株価純資産倍率(PBR)

PBRとは?

 PBRとは、Price Book-value(P/BV)RatioまたはPrice to Book(P/B)Ratioの頭文字を取ったもので、1株あたり純資産に対して株価が割安なのか割高なのかを判断するための指標です。日本語では、株価純資産倍率と呼ばれます。

PBRの計算式とその考え方

 PBR(倍)は、「株価÷1株あたり純資産」という計算式で算出されます。分母の1株あたり純資産は、Book-value Per Shareの頭文字を取ってBPSとも呼ばれ、会社の資産から負債を差し引いたものである純資産を、発行済み株式数で割ったものです。純資産は、企業の会計上の解散価値、つまり、会社が解散して資産を分けることになった場合に株主に分配される理論上の金額を表します。

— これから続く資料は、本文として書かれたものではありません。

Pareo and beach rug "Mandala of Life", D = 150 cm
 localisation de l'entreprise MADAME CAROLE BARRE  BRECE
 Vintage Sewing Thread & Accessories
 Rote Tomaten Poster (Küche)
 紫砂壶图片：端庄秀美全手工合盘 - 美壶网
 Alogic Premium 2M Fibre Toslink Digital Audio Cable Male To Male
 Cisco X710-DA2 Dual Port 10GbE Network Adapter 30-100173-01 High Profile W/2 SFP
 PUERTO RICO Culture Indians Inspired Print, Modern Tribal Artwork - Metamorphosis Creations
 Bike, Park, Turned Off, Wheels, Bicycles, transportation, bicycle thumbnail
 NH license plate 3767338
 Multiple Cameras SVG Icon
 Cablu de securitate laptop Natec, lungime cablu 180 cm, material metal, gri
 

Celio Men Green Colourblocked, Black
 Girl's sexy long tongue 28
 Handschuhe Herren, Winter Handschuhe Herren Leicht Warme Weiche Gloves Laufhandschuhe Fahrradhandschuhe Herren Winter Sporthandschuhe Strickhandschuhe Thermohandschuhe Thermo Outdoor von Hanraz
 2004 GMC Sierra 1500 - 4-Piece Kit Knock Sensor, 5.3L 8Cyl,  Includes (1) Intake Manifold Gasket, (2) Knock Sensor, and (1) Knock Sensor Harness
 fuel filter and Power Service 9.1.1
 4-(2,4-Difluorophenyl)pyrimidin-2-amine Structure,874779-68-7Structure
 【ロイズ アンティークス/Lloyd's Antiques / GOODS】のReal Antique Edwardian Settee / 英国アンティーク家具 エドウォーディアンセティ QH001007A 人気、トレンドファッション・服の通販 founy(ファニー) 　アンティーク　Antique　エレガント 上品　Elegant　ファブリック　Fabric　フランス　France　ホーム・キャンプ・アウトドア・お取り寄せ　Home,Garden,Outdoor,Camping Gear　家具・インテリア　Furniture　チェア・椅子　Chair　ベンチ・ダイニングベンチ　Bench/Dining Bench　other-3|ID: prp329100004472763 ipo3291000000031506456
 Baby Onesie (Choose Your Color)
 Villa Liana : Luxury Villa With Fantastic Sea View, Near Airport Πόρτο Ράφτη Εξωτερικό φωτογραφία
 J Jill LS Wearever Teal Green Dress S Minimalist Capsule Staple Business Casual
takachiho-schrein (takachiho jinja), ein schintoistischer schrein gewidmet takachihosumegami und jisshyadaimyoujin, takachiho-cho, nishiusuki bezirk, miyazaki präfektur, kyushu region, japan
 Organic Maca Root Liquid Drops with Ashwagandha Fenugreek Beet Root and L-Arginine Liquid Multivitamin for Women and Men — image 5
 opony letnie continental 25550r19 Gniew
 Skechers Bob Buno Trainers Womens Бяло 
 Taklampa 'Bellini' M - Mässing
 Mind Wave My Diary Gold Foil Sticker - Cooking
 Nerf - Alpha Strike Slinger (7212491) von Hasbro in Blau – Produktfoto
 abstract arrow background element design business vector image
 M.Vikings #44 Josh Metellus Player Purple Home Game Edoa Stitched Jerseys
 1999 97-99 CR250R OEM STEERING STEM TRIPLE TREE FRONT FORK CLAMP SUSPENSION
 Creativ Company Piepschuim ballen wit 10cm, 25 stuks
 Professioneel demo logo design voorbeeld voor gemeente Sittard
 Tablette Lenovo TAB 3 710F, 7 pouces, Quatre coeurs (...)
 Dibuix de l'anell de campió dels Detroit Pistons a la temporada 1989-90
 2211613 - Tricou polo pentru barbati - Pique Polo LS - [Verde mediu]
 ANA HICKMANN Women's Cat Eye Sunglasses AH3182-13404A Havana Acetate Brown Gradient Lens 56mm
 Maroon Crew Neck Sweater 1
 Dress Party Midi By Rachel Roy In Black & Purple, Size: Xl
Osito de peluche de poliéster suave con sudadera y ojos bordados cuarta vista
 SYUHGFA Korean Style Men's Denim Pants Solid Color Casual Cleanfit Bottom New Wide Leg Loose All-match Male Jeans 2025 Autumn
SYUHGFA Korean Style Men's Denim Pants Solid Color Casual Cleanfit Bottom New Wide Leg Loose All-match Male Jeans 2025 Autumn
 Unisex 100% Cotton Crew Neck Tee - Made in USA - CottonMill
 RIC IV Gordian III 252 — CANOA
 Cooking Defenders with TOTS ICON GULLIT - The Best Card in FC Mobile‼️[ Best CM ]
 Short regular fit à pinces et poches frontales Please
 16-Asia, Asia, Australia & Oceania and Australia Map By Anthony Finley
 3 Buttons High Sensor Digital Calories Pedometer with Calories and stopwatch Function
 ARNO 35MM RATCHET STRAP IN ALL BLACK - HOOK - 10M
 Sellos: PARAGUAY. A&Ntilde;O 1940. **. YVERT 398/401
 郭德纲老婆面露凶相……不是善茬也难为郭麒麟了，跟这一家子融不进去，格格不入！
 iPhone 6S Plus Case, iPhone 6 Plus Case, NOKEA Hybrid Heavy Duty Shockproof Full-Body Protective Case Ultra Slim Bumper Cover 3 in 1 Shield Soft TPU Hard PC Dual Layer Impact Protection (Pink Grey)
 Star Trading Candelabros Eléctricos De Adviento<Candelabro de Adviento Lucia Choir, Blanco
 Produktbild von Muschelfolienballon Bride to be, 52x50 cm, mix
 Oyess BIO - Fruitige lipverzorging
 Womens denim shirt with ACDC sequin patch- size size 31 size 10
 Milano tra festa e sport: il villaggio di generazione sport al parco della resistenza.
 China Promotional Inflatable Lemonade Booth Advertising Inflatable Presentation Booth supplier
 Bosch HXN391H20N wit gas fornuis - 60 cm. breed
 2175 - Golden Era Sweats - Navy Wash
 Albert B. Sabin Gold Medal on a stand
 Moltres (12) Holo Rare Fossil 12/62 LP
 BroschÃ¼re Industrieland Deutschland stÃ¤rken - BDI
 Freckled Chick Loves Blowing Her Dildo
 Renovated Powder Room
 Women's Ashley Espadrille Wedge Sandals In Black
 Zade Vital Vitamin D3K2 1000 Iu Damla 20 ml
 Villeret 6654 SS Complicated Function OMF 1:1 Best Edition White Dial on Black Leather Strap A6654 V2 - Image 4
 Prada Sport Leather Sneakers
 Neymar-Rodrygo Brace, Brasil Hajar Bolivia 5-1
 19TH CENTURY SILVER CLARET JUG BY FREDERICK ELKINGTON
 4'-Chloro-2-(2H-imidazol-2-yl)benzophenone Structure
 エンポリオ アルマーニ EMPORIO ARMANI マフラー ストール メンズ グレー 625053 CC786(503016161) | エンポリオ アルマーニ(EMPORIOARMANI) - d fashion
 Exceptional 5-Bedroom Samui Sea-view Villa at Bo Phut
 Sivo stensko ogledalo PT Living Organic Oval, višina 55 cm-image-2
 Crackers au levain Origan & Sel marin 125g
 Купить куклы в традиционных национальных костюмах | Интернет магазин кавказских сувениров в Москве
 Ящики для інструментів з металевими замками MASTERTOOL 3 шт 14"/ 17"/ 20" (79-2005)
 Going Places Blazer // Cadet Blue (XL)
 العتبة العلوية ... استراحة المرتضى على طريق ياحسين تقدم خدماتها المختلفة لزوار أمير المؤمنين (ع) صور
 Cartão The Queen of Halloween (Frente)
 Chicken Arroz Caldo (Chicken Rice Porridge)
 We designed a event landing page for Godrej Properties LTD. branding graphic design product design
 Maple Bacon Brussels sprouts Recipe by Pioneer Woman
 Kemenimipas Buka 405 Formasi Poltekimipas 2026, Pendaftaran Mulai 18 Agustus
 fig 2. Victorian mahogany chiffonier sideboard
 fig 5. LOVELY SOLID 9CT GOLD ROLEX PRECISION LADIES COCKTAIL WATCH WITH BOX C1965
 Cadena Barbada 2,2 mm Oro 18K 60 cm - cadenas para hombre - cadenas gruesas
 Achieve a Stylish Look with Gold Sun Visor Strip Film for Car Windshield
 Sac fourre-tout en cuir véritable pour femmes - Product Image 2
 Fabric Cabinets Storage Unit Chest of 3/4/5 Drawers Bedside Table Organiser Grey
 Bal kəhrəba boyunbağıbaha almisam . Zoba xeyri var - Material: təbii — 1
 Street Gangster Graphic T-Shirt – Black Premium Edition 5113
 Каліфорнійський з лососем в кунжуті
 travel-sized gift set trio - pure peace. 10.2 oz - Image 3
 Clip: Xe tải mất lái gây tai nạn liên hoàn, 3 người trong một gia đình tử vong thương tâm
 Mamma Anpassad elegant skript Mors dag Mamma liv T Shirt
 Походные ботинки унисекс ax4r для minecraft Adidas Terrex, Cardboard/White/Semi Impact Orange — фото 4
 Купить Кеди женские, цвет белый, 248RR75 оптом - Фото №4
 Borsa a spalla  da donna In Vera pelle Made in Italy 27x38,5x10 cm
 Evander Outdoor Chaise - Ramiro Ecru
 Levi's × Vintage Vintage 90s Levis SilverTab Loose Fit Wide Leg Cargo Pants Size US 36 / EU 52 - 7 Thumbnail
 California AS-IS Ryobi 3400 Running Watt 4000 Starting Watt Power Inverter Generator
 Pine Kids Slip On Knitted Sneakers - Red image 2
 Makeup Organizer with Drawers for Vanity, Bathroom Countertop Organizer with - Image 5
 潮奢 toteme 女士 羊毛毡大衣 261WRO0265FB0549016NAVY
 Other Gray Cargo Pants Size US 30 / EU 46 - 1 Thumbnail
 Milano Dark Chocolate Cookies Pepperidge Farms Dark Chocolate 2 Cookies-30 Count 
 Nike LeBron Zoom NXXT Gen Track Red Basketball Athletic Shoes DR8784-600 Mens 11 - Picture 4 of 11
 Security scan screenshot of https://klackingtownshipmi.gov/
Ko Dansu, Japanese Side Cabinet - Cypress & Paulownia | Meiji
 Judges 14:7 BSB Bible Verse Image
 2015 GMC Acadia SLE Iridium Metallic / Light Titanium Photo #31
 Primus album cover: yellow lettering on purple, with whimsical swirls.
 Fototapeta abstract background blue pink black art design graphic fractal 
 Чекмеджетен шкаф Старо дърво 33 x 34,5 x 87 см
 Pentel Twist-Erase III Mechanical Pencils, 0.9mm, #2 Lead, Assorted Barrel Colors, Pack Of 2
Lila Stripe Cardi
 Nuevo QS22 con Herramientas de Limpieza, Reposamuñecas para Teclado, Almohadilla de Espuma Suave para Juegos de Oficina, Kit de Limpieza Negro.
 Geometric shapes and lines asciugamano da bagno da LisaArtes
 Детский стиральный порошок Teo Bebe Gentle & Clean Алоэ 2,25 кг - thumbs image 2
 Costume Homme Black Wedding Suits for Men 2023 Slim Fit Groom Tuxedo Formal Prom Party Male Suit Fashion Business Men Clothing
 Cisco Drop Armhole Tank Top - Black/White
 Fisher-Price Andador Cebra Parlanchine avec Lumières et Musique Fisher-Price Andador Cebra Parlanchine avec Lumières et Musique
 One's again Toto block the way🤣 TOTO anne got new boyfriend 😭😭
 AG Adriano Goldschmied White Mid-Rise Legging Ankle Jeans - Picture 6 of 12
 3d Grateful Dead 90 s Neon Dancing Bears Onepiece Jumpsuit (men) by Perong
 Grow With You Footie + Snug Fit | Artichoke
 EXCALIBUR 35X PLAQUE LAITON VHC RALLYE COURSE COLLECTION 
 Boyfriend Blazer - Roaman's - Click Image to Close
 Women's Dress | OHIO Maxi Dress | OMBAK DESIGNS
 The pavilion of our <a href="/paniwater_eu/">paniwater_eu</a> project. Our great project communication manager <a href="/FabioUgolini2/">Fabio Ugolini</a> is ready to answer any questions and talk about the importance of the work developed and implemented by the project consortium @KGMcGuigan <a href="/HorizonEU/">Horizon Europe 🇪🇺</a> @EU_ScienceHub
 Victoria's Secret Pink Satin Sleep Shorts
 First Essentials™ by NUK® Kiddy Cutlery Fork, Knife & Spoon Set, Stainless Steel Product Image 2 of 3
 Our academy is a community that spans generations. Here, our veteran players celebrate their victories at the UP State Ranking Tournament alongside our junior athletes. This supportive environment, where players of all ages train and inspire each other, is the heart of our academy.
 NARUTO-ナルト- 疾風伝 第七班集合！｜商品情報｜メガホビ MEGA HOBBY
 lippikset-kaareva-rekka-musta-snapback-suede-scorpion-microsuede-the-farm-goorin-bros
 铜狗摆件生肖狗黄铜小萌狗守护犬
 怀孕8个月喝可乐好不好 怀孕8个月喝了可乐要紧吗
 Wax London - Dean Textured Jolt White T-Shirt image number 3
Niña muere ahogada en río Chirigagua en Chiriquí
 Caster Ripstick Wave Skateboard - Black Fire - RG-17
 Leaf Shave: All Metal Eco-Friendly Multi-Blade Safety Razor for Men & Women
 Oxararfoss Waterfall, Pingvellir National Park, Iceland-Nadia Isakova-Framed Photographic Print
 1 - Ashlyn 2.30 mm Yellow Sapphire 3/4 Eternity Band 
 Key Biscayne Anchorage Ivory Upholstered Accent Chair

1株あたり純資産が大きいほど、株主に分配される資産が多いとみなすことができます。これと分子の株価の比をとることで、理論上の解散価値に対する株価の水準を判断します。

PBRはどのくらいがいいの?

 株価の割安・割高を判断するPBRの基準値は1倍です。1倍を超えるということは、分子が分母よりも大きい値を取る状態、すなわち、解散価値よりも株価が高く評価されていることを意味します。反対に、PBRが1倍を下回る時は、解散価値よりも株価が低いことを意味します。もっとも、株価は投資家の予想や期待を反映して形成されるものであり、PBRが1倍より高い(低い)だけで必ずしも割高(割安)というわけではありません。他の財務指標や他社との比較などを通じた総合的な投資判断が必要です。

問われる日本の上場企業のあり方

 PBRをめぐっては、2023年3月に東京証券取引所(以下、「東証」)が「資本コストや株価を意識した経営の実現に向けた対応について」と題した資料を公表し、上場会社に対して経営者の意識改革と積極的な対応の実施を要請しました。背景には、プライム市場の約半数、スタンダード市場の約6割の上場企業でPBRが1倍を割る現状に対する問題意識があります。PBRを高める方法として、増配や自社株買いがあります。増配で配当利回りを高めて投資家の関心をひきつけたり、自社株買いで需給面から株価を下支えしたりするアプローチです。しかし、東証の要請の主旨は、持続可能な成長に向けた研究開発投資や人的資本投資、設備投資、事業ポートフォリオの見直しなどにより、日本の上場企業が経営資源の適切な配分を実現することに対する期待にあります。企業経営の改善が市場評価の向上につながり、その結果として分子の株価が引き上げられる。このような好循環の実現が求められていると言えるでしょう。